WORK INSTRUCTION | Each line of the listing below that includes "Woodpecker" should be reported.
....
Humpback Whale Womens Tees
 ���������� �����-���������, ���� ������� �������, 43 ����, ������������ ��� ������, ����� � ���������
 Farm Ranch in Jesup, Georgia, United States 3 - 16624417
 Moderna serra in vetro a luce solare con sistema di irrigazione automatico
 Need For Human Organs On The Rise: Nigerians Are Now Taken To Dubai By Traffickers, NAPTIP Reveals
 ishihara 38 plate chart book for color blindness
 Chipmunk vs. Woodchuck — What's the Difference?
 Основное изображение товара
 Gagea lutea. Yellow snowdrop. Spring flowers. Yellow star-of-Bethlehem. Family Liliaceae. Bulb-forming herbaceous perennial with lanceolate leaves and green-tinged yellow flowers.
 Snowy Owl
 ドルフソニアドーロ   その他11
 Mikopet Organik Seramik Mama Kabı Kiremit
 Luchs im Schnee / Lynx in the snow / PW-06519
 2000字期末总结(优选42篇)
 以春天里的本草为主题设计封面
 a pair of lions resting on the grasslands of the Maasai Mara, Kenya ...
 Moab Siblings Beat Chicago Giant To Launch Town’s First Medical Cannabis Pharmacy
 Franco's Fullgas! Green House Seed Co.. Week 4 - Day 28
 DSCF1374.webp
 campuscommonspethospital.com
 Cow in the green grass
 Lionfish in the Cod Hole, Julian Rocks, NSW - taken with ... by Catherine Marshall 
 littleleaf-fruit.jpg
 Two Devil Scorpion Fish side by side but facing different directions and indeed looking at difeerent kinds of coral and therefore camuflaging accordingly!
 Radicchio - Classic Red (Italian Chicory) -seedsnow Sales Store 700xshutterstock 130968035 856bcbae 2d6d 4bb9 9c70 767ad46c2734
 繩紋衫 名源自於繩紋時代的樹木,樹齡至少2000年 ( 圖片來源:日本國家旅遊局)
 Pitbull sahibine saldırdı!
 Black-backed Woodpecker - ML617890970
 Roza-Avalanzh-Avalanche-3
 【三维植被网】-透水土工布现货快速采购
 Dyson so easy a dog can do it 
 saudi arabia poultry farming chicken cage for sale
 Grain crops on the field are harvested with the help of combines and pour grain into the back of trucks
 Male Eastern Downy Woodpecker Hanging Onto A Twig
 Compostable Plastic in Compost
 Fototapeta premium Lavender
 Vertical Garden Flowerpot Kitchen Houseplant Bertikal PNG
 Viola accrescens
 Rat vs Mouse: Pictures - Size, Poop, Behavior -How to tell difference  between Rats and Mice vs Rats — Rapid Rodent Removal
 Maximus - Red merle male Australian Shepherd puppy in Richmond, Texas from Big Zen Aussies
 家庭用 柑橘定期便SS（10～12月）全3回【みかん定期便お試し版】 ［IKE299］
....
ANSWER TO THE PROBLEM |
 Black-backed Woodpecker - ML617890970
 Male Eastern Downy Woodpecker Hanging Onto A Twig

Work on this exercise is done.